Epilog (part 2)

26.2K 2.1K 65
                                    


Spesial Tahun Baru

****

Pengajian itu berlangsung hingga pukul delapan malam, dan sampai semua orang itu pulang, kabar keberadaan Fajar belum juga mereka dapatkan.

Hampir semua anggota keluarga inti dari Senja dan Fajar berkumpul di kamar Senja yang ada di lantai dua Vila itu, beberapa saat setelah pengajian itu selesai. Senja yang sudah berganti pakaian, duduk di atas tempat tidur dengan pelukan Ana di sisi kirinya dan Widia di sisi lain. Kepalanya bersandar di pundak ibunya dengan berurai air mata.

Nessa pun terlihat di sana, dia tiba saat pengajian tadi dimulai. Saat ini dia hanya bisa duduk diam di samping ibunya sambil dalam hati berdoa dan berharap Tuhan mengembalikan kebahagiaan kakaknya.

Sementara Amira, dia duduk di sofa yang ada di kamar itu sambil menangis dengan Naina dan Nathan suaminya, yang duduk berdampingan di sampingnya. Sementara Christoph, dia terlihat mondar-mandir di tengah ruangan. Berkali-kali ia menghubungi Wardono, tapi lagi-lagi adik iparnya itu bilang, kalau keberadaan Fajar belum bisa ditemukan.

"Serahkan semuanya pada Tuhan, Sayang," kata Widia sambil mengelus pundak Senja yang terlihat lemas.

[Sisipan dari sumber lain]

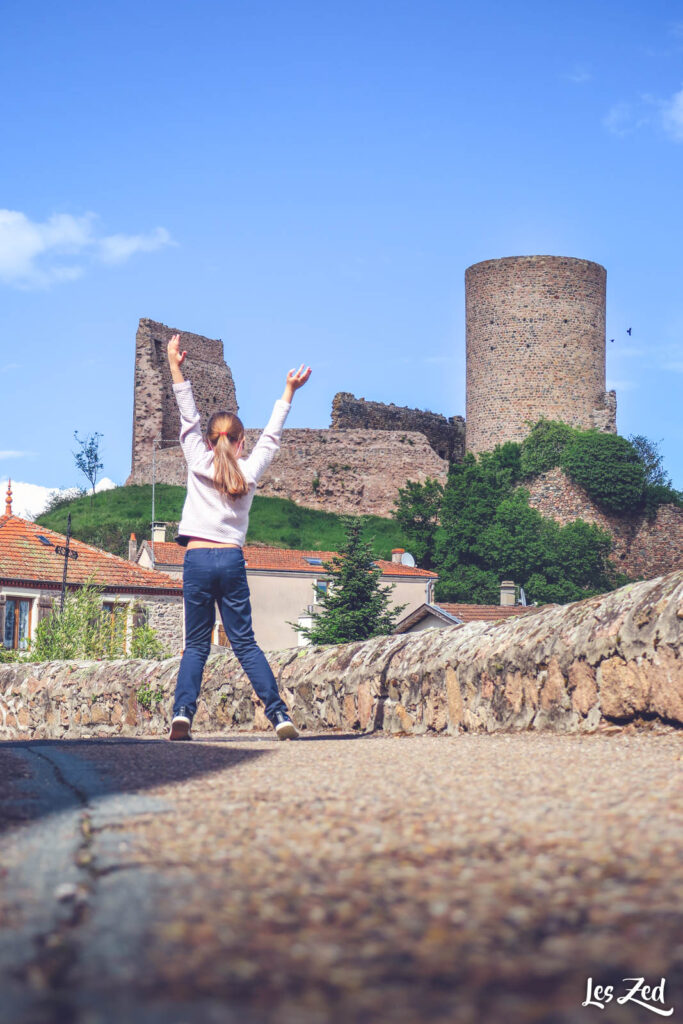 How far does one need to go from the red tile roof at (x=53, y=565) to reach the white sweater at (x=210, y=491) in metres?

Senja mengangguk, tapi air matanya tetap mengalir di pipinya, dalam hati ia menjerit memohon pada Tuhan untuk keselamatan suaminya. Di saat bersamaan terdengar bunyi gaduh di lantai bawah, dan berhasil mengundang perhatian semua orang yang ada di kamar Senja.

Christoph segera mengarahkan tubuhnya siap keluar dari kamar Senja untuk mengecek keadaan di bawah. Namun, seketika langkahnya terhenti saat melihat sosok Fajar yang muncul di ambang pintu.

Baju Fajar terlihat kotor, tapi wajahnya cukup bersih, dia masih menggunakan kaus hijau tentara yang bernoda darah. Begitu pun dengan celana loreng yang membungkus pinggang hingga kakinya terlihat kotor bahkan terlihat sobek di bagian lututnya. Dia tidak menggunakan sepatu, mungkin sudah ia buka saat masuk ke dalam vila karena tidak ingin mengotori lantai.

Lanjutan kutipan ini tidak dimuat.